Market Snapshot, Noon CT (VIP) -- March 6, 2013

March 6, 2013 06:02 AM

Old-crop corn futures posted new session lows ahead of midday with old-crop contracts 9 to 17 cents lower and new-crop corn down 4 to 7 cents.

  • Traders are focused on reducing risk ahead of USDA's Supply and Demand Report Friday, with dollar strength giving bears the upper hand.
  • Pre-report expectations are for USDA to raise its U.S. carryover estimate from 632 million bu. in February to 649 million bu., as traders expect USDA to cut its export and feed usage projections.
  • Somewhat offsetting this are expectations for USDA to trim its world carryover estimate by 170,000 MT from last month to 117.87 MMT.
  • Also in focus will be USDA's South American production projections. Traders expect USDA to cut its Argentine estimate by 1.4 MMT to 25.6 MMT and for it to raise its Brazil production estimate a touch to 72.6 MMT.
  • Recent precip in the Corn Belt with more in the extended forecast add to ideas U.S. production will rebound in 2013-14, pressuring old-crop futures.
  • Adding to the negative tone, U.S. ethanol production slid 1% last week to 805,000 barrels per day, though ethanol stocks also fell marginally (0.1%) to 19.4 million barrels.


Soybean futures are enjoying gains of 1 to 4 cents with the exception of the front-month and far deferred contracts, which are slightly lower.

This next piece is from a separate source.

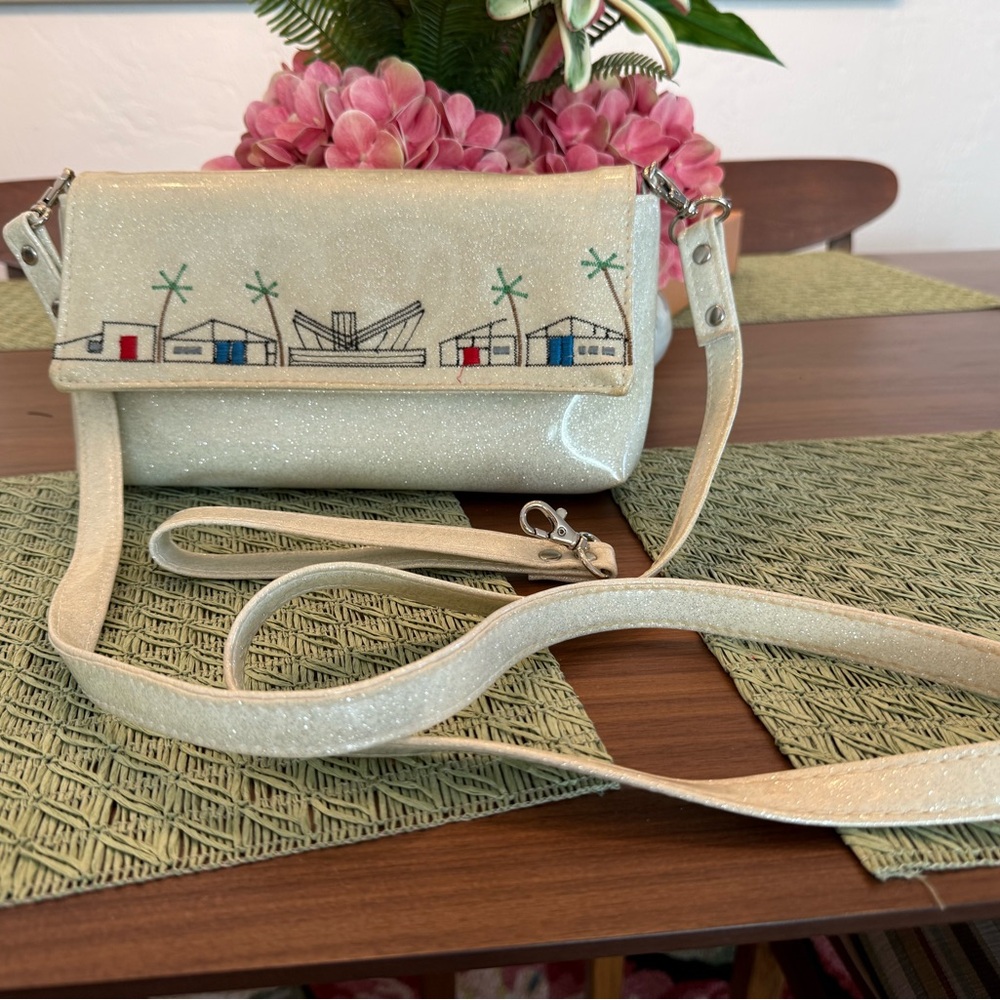 ❇️ Rough Seas Desighs Embroidered Crossbody Wristlet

  • Soybean futures have seen volatile action this morning as early losses gave way to some bargain buying. Spillover from corn and wheat and a lack of fresh export demand news is keeping a cap on bullish enthusiasm.
  • Light support also comes from expectations USDA on Friday will trim its carryover supplies peg by 3 million bu. to 122 million bushels as historically high prices have yet to curb export demand.
  • Shipping delays in Brazil have kept the U.S. export window open longer than normal.
  • The U.S. ag attaché in Brazil has lowered its estimate of the country's soybean crop to 82.5 MMT. Traders expect USDA on Friday to peg the Brazil bean crop at 83.4 MMT (little changed from last month) and for it to cut its Argentine production estimate by 2 MMT to 51 MMT.
  • But buying enthusiasm remains curbed by recent improvement in Midwest soil moisture reserves and expectations South American supplies will eventually curb U.S. soy exports.

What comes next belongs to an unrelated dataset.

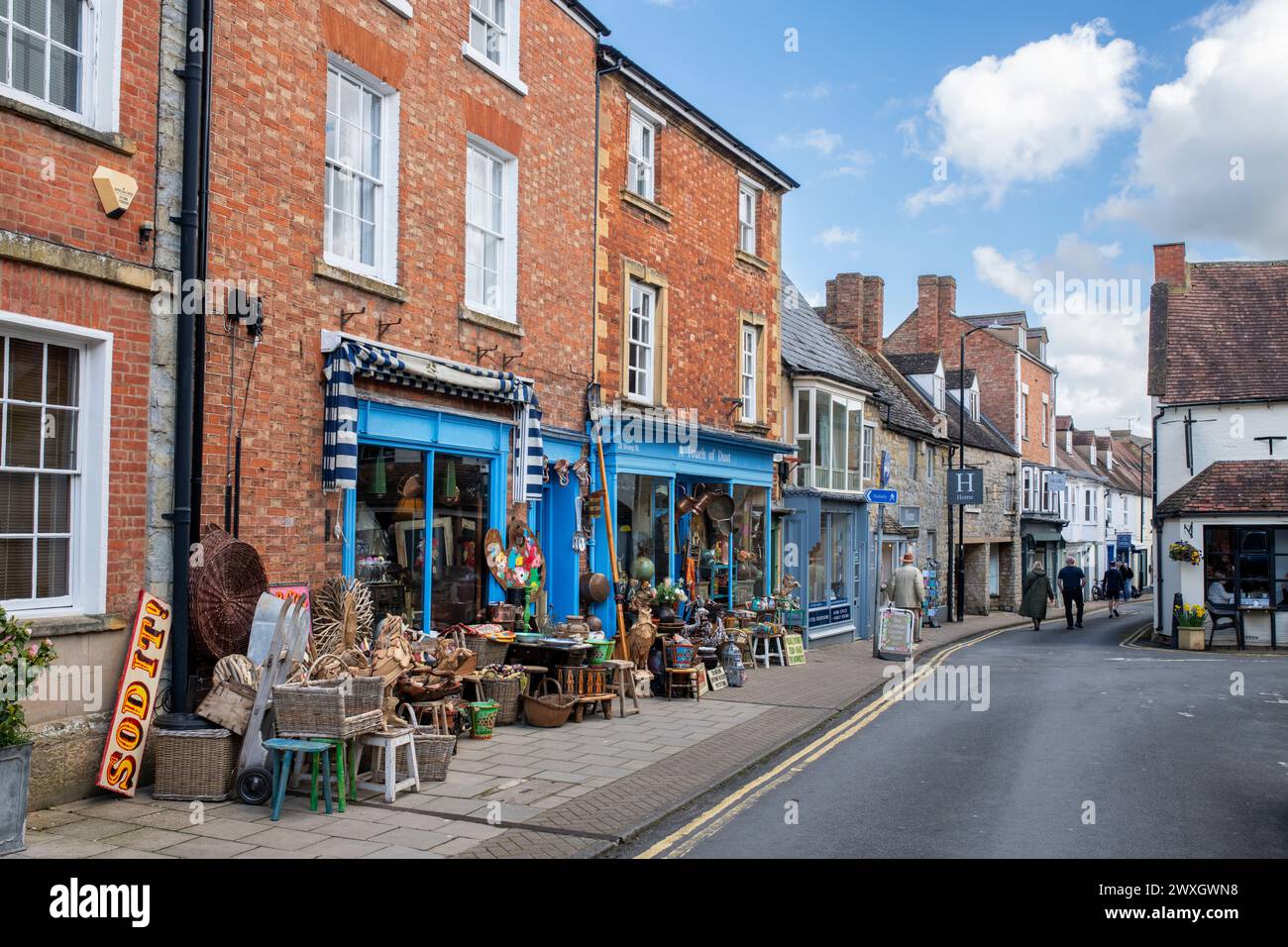 A Touch of Dust Antique shop, Shipston on Stour, Warwickshire, England Stock Photo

Wheat futures have softened to trade double-digit lower in most contracts at all three locations.

  • Recent rains in HRW wheat country are encouraging selling in the wheat market.
  • Plus, the market remains within a well defined downtrend and the dollar is enjoying strong gains. This gives traders technical-based incentive to sell.
  • Also, traders are readying for USDA's Supply and Demand Report that is expected to favor market bears. Pre-report expectations are for USDA to raise its carryover estimate by 22 million bu. from last month to 713 million bushels.
  • Adding to the negative tone is news a ministerial panel in India will discuss a proposal for allowing an additional 5 MMT of wheat exports tomorrow.
  • Ukraine officials also plan to meet in April for a discussion on lifting the country's wheat export ban. Ukraine's ag minister says the country has exported 6.2 MMT of wheat this marketing year and will likely export another 500,000 MT before 2012-13 is complete.
  • Yesterday's larger wheat production forecasts for Australia add pressure.


Live cattle futures have backed well off their early lows to trade mostly moderately lower. Feeder cattle futures continue to post sharp losses.

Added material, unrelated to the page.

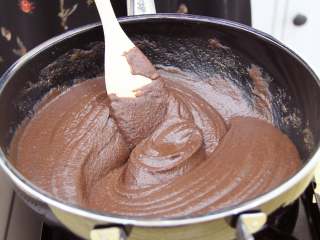 11、自制红豆沙,炒至自己想要的成都即可,做豆沙包可以稀一点,做月饼可以干一点~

  • Live cattle futures faced heavy followthrough selling this morning, which led to the start of cash cattle trade in Kansas and Texas at $128 -- steady with week-ago. April live cattle are at a slight premium to these cash prices.
  • Adding to the negative tone, Statistics Canada today released data showing that Canadian farmers had about 12.3 million head of cattle on their farms as of Jan. 1, which is up 0.5% from year-ago.
  • Pressure is being limited by another morning of sharp gains in the boxed beef market. Choice cuts firmed $2.08 and Select values rose $3.28, though movement was again light at 76 loads.
  • Dollar strength and recent major chart damage for a number of feeder cattle contracts is weighing on feeder cattle futures.


Lean hog futures have improved to mixed trade in nearby contracts, though deferred months remain slightly to moderately lower.

  • Hog futures have trimmed early losses thanks to mostly steady cash hog bids this morning.
  • Plus, Statistics Canada data shows that Canadian hog farmers had inventory of 12.7 million hogs as of Jan. 1, which is down 0.5% from last year.
  • But the pork market's struggle to put in a low continues to give bears the upper hand in the lean hog market. Yesterday, the pork cutout value fell $1.79, though this encouraged strong movement. Already this morning, 29.75 loads have changed hands.
  • Product market declines have eroded packer profit margins this week.
  • Buying interest is also being limited by the ongoing slide in the cash hog index. The front-month is currently at around a $1 premium to the cash hog index.